Types of Urinary Incontinence
While the majority of men suffer temporary incontinence immediately following prostatectomy, a smaller number of individuals experience significant incontinence for longer periods of time. Some men may dribble urine, whereas others will experience total leakage. The three most common types of urinary incontinence men experience following prostate surgery include:
- Stress incontinence : This type of incontinence occurs when you perform a strenuous physical activity, or when you laugh or sneeze.
- Urge incontinence: When bladder spasms occur, it causes the sudden need to urinate, often leading to total urine leakage.
- Overflow incontinence: This occurs when the bladder does not empty well, and the amount of urine made is more than the bladder can hold.
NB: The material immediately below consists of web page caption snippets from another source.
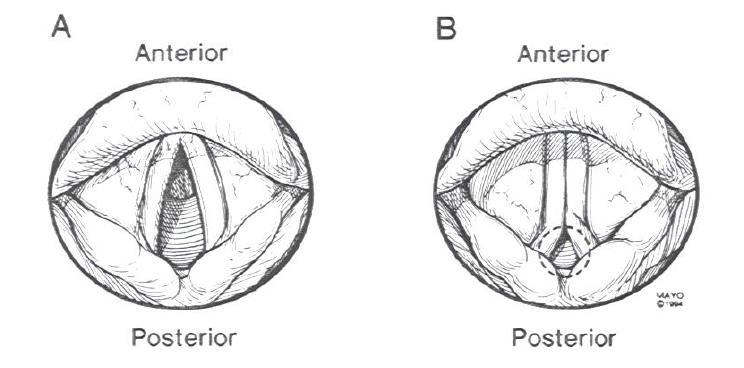 (paradoxal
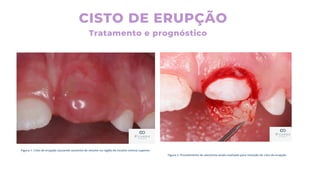 CISTO DE ERUPÇÃO
Tratamento e prognóstico
 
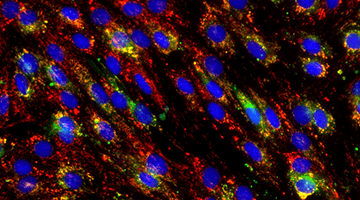 The Role of Iron in Cardiovascular Disease with Hossein Ardehali, MD, PhD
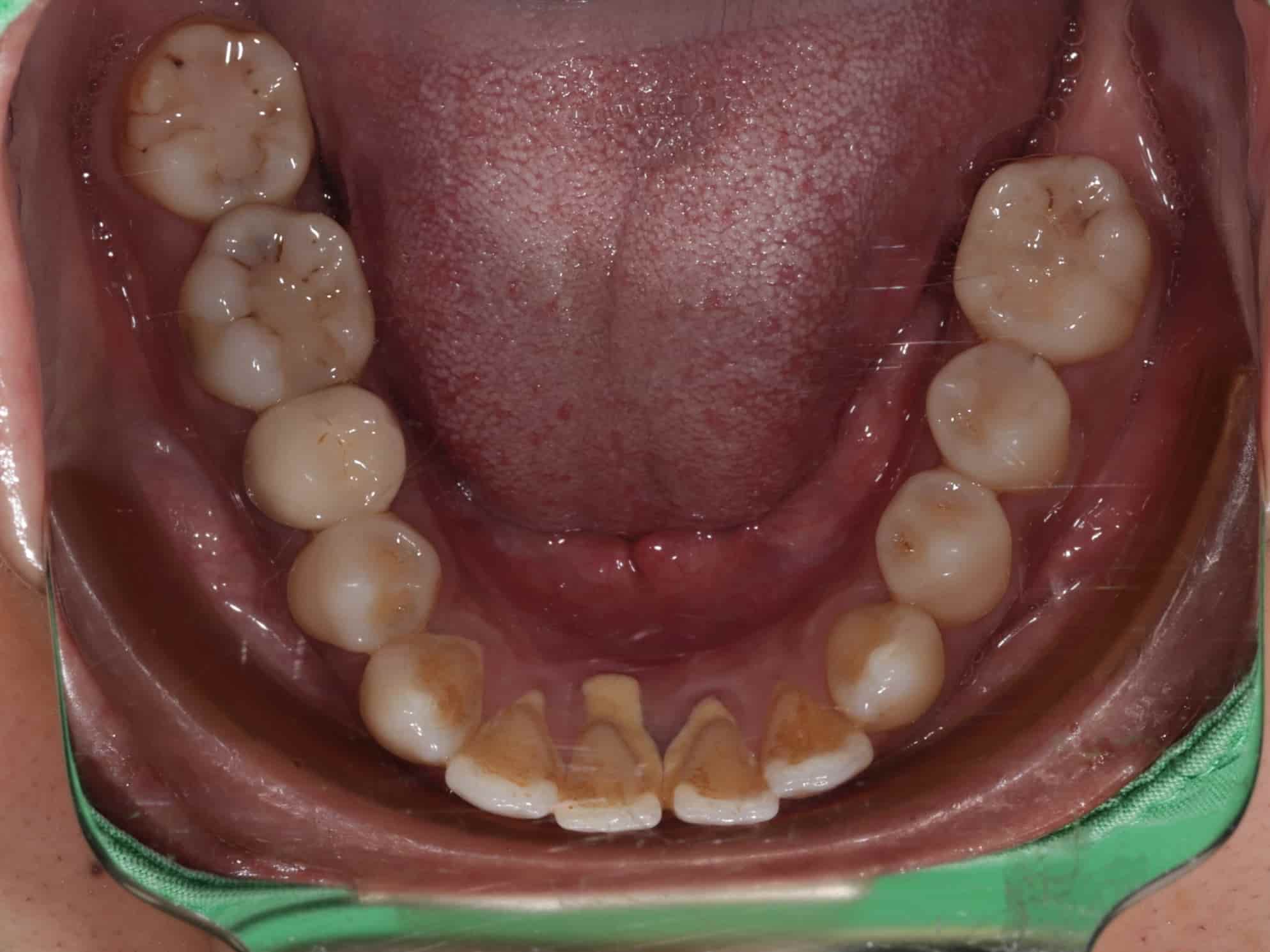 治療前下排牙齒照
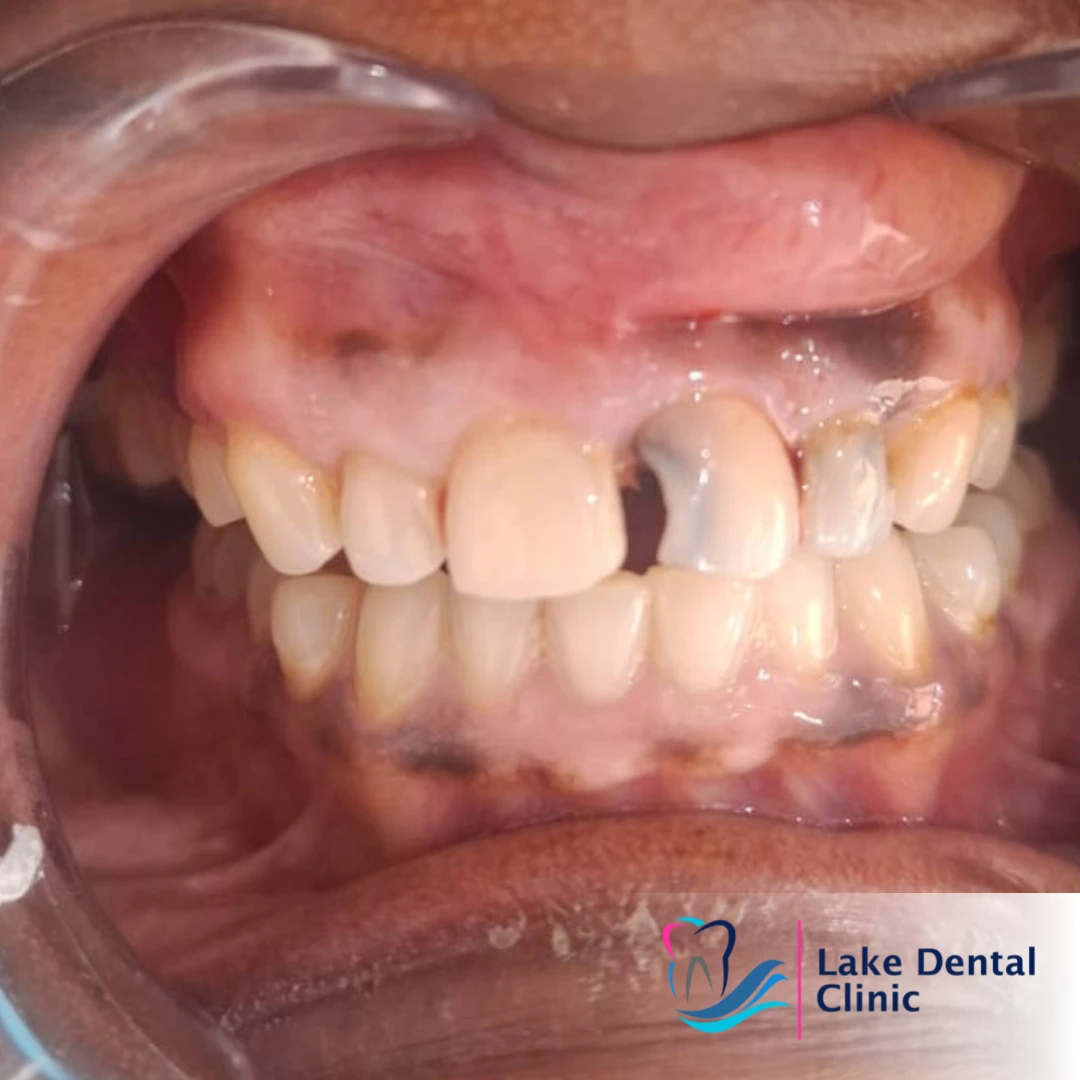 treatment for cavities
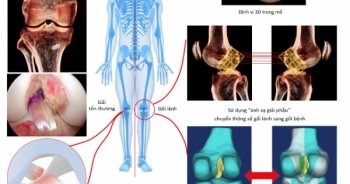 Vinmec tái tạo chính xác dây chằng chéo trước khớp gối với phương pháp “ánh xạ giải phẫu” độc quyền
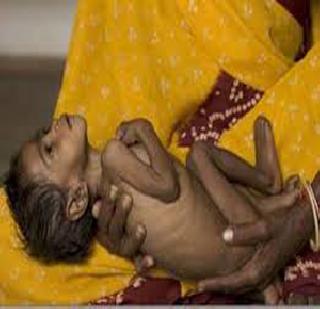 Thane, Palghar: 10645 malnourished children | ठाणे,पालघर : १०६४५ बालके कुपोषित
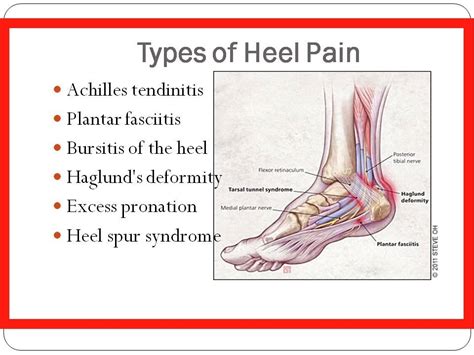 Foot Anatomy Heel Pain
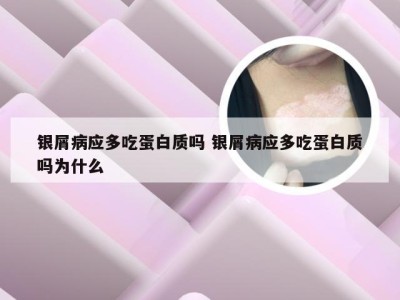 银屑病应多吃蛋白质吗 银屑病应多吃蛋白质吗为什么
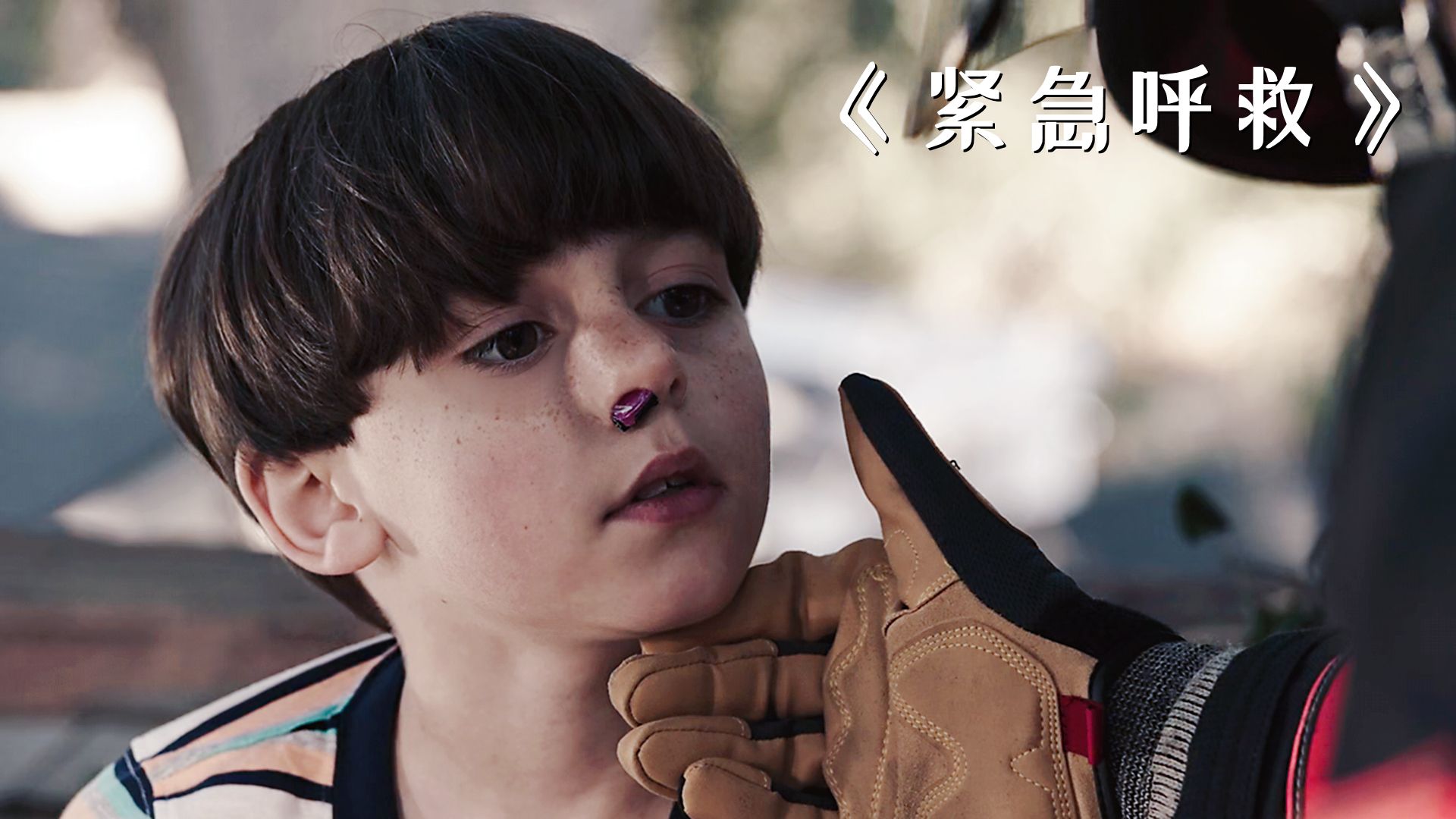 男孩把玩具车塞进了鼻子,原因让人哭笑不得!《紧急呼救》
The reason for this initial leakage has to do with damage to the urinary sphincter—the main mechanism for controlling urination. Normally, as the bladder fills with urine, there is very little change in bladder pressure, and the sphincter remains closed, allowing men to control their urination. When incontinence occurs following a prostatectomy, this normal balance of bladder and sphincter function is disrupted.
Treatment of Urinary Incontinence
Most men regain urinary control without any treatment. The most significant improvements usually occur within the first three months following surgery, and continue for up to one year. Usually within six months after surgery, the majority of men will stop experiencing urinary leakage. For the small percentage of men who continue to have mild or moderate leakage, medical intervention may be necessary.
If you are suffering from incontinence following a prostatectomy, it's important to let your physician know. He or she may start off with noninvasive treatment methods—aggressive treatments are usually not considered until one year after the original prostate surgery. Some of these minimally invasive options include:
- Pelvic floor exercises: Also called Kegel exercises, these exercises are used to help strengthen your bladder muscles.
- Supportive care: This treatment includes behavior modifications – including drinking fewer fluids, avoiding caffeine, and not drinking before bedtime.
- Medicines: Certain medications can be prescribed to help strengthen muscles of the bladder and the muscles that control urine flow.
If medical treatments fail to completely stop urinary incontinence, your doctor may choose a surgical approach. These treatments may include a number of surgical options, including the placement of an artificial sphincter or a ureteral sling. These methods are used for men with mild to moderate leakage persisting for long periods following a prostatectomy. Men with more severe leakage problems may require additional surgeries.